> **Directions for this task**: Could you give the listing again exactly, without its pictures?

> **Data extract**:
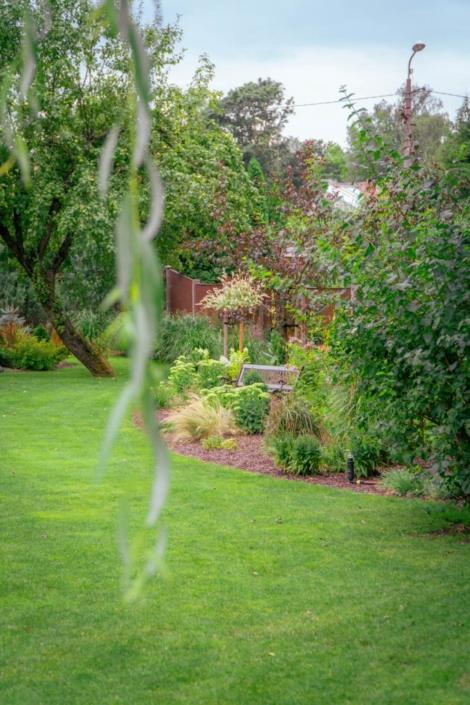 bauskas-iela-A6708209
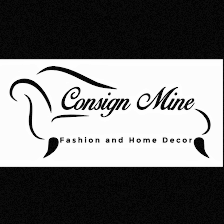 Consign Mine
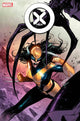 X-MEN VOL 6 (2021) #10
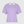 Kandini Women Vivid Raglan Polo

> **Answer area**:
 bauskas-iela-A6708209
 Consign Mine
 X-MEN VOL 6 (2021) #10
 Kandini Women Vivid Raglan Polo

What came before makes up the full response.